PROBLEM TO WORK ON
Retype the entries, please, from their first line to the line containing "The sinusoidal amplitude", exactly and only those lines, minus the pictures.

(Stored items)
== Segment start ==

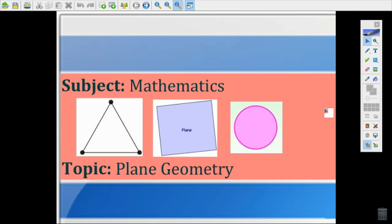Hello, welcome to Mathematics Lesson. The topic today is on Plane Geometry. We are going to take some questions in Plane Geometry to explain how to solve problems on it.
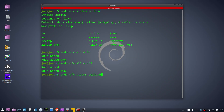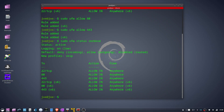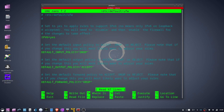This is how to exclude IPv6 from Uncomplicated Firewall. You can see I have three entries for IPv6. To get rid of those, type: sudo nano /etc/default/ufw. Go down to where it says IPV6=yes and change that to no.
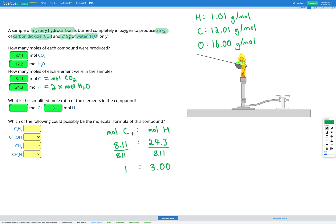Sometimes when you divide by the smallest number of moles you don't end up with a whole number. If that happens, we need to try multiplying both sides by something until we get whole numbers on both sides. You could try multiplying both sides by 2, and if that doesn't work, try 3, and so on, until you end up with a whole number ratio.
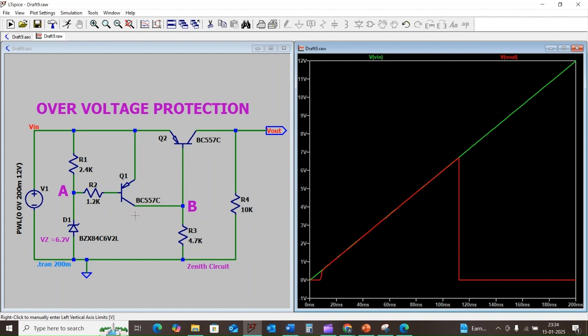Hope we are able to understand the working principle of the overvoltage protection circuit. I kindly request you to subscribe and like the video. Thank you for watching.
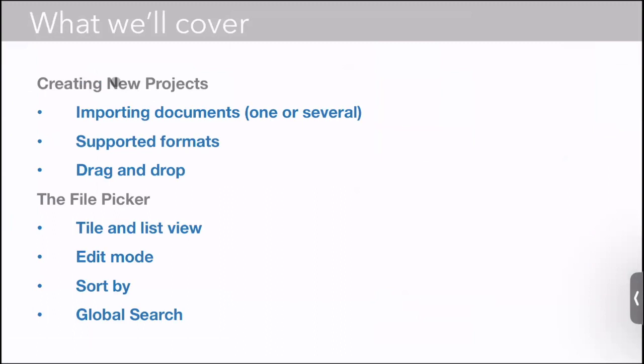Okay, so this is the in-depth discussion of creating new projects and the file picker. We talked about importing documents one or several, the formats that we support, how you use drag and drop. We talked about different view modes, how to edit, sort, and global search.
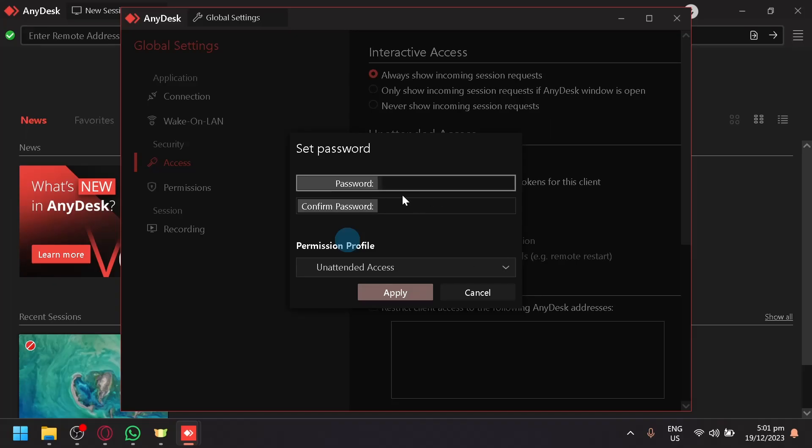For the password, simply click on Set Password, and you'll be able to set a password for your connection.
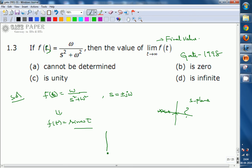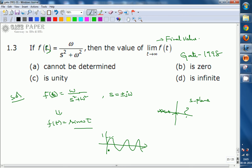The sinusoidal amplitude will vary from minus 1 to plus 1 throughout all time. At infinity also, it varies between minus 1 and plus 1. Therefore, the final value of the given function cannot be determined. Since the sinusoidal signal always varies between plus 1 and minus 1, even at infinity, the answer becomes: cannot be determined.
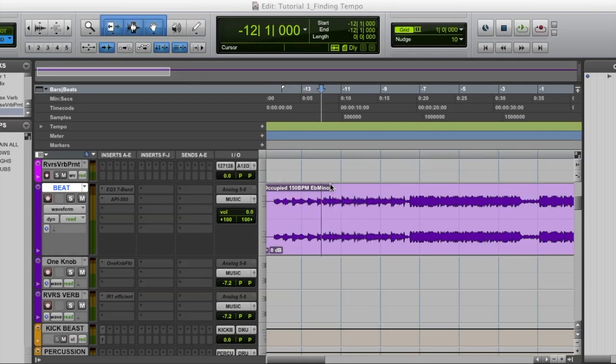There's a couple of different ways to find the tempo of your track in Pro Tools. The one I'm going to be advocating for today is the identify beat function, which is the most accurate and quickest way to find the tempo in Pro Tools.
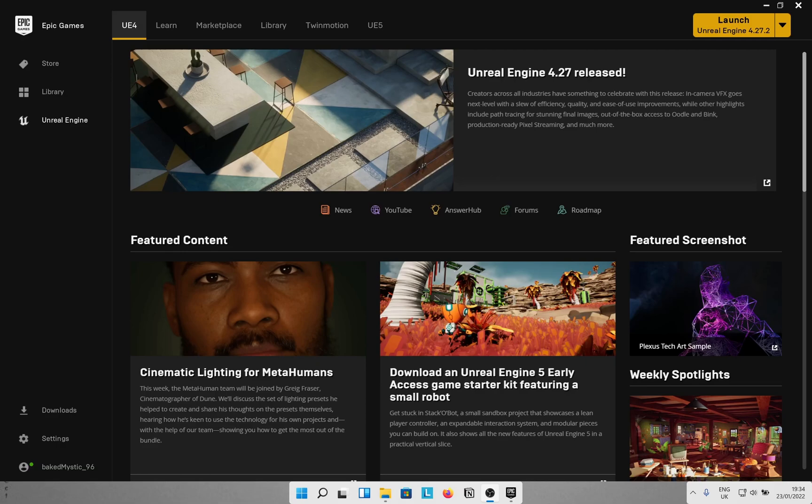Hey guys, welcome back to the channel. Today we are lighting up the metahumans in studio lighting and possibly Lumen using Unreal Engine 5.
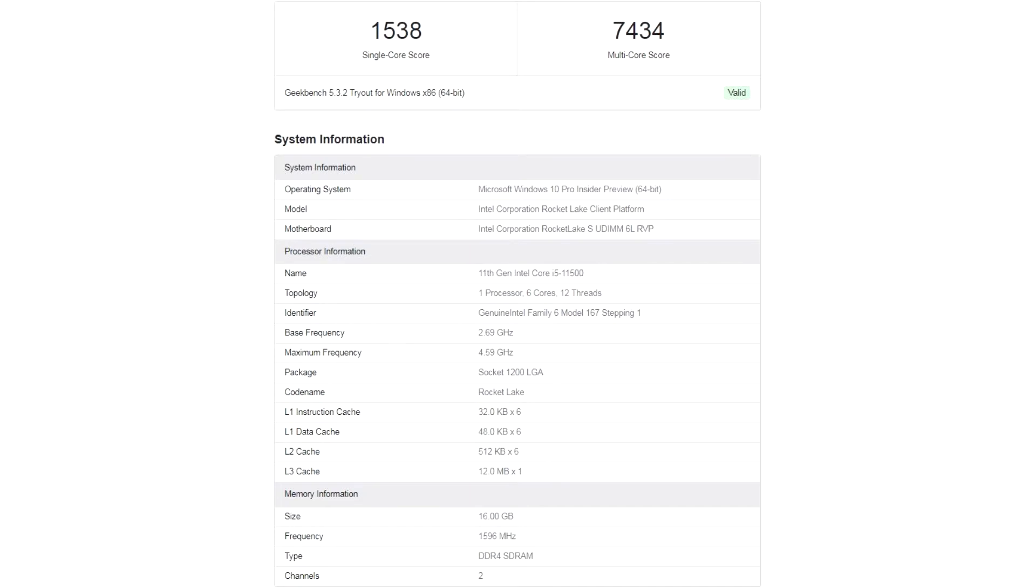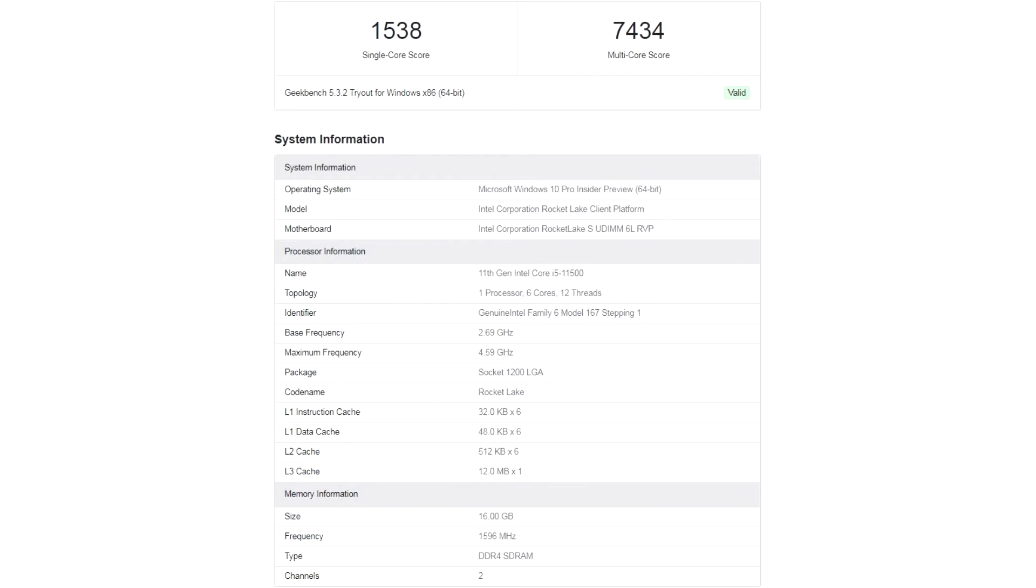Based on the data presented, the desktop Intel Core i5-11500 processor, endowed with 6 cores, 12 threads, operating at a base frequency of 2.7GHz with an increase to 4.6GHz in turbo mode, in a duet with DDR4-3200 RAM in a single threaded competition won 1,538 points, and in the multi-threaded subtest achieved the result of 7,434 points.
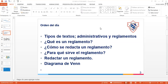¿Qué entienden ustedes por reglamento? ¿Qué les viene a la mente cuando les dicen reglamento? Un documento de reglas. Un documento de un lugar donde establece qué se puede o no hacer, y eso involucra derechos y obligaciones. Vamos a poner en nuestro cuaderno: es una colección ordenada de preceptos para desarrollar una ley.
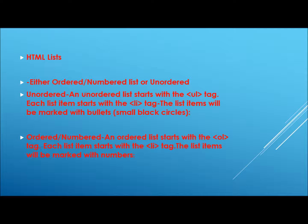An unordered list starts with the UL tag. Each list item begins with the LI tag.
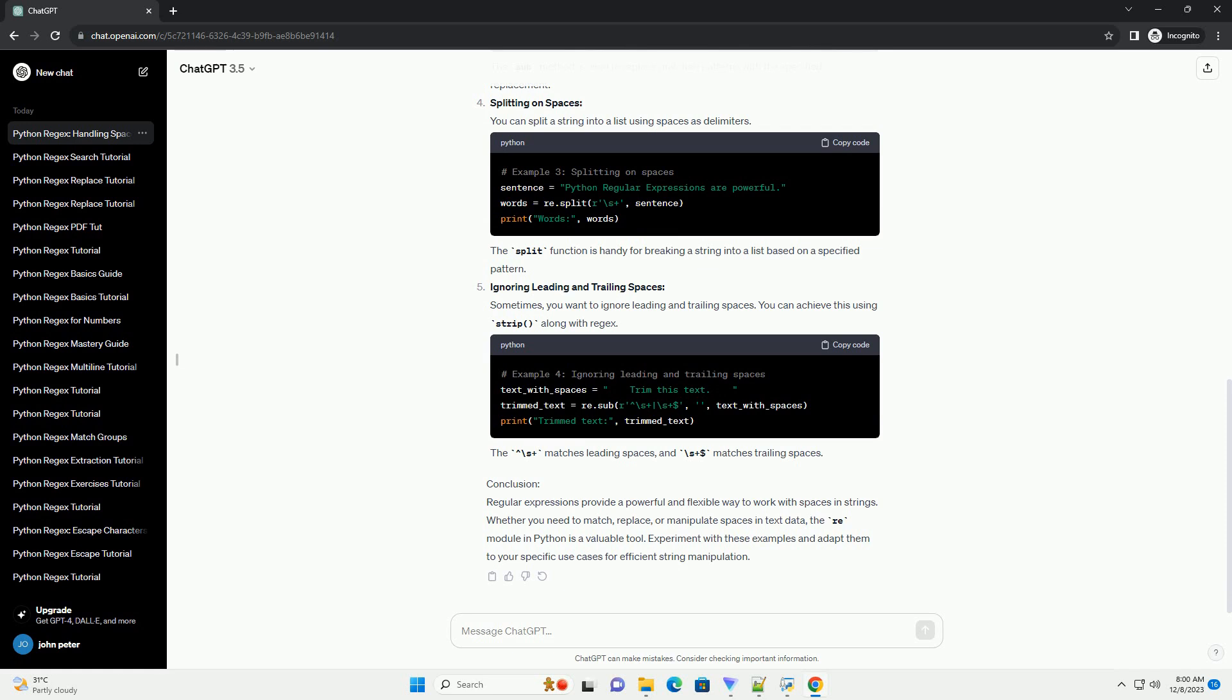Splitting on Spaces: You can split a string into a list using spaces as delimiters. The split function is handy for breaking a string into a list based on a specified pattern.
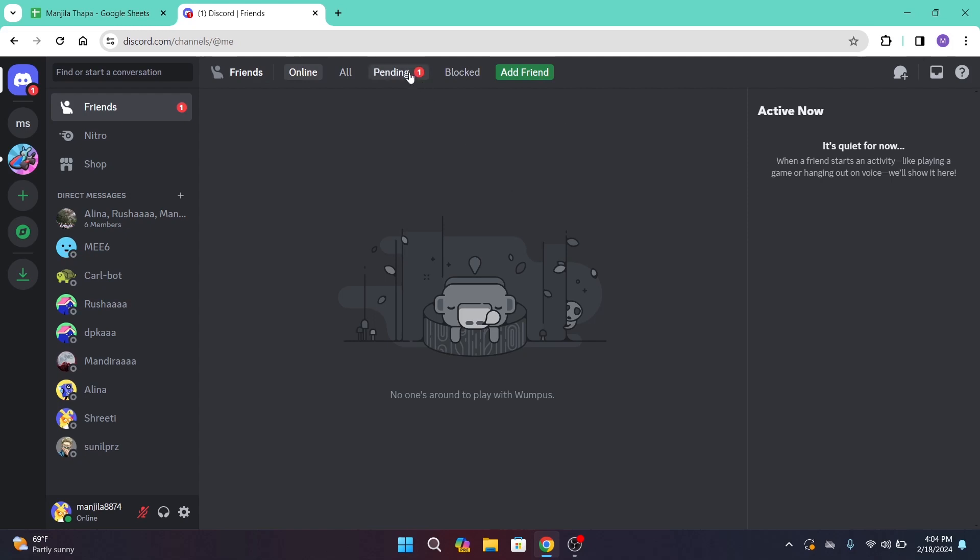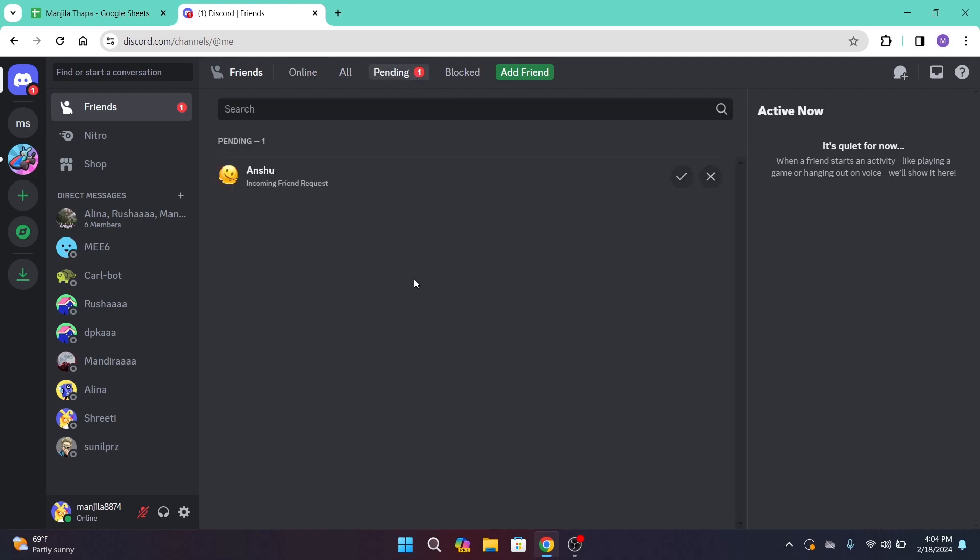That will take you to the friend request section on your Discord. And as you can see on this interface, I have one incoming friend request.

== Segment end ==

TASK RESULT
Hello, welcome to Mathematics Lesson. The topic today is on Plane Geometry. We are going to take some questions in Plane Geometry to explain how to solve problems on it.
This is how to exclude IPv6 from Uncomplicated Firewall. You can see I have three entries for IPv6. To get rid of those, type: sudo nano /etc/default/ufw. Go down to where it says IPV6=yes and change that to no.
Sometimes when you divide by the smallest number of moles you don't end up with a whole number. If that happens, we need to try multiplying both sides by something until we get whole numbers on both sides. You could try multiplying both sides by 2, and if that doesn't work, try 3, and so on, until you end up with a whole number ratio.
Hope we are able to understand the working principle of the overvoltage protection circuit. I kindly request you to subscribe and like the video. Thank you for watching.
Okay, so this is the in-depth discussion of creating new projects and the file picker. We talked about importing documents one or several, the formats that we support, how you use drag and drop. We talked about different view modes, how to edit, sort, and global search.
For the password, simply click on Set Password, and you'll be able to set a password for your connection.
The sinusoidal amplitude will vary from minus 1 to plus 1 throughout all time. At infinity also, it varies between minus 1 and plus 1. Therefore, the final value of the given function cannot be determined. Since the sinusoidal signal always varies between plus 1 and minus 1, even at infinity, the answer becomes: cannot be determined.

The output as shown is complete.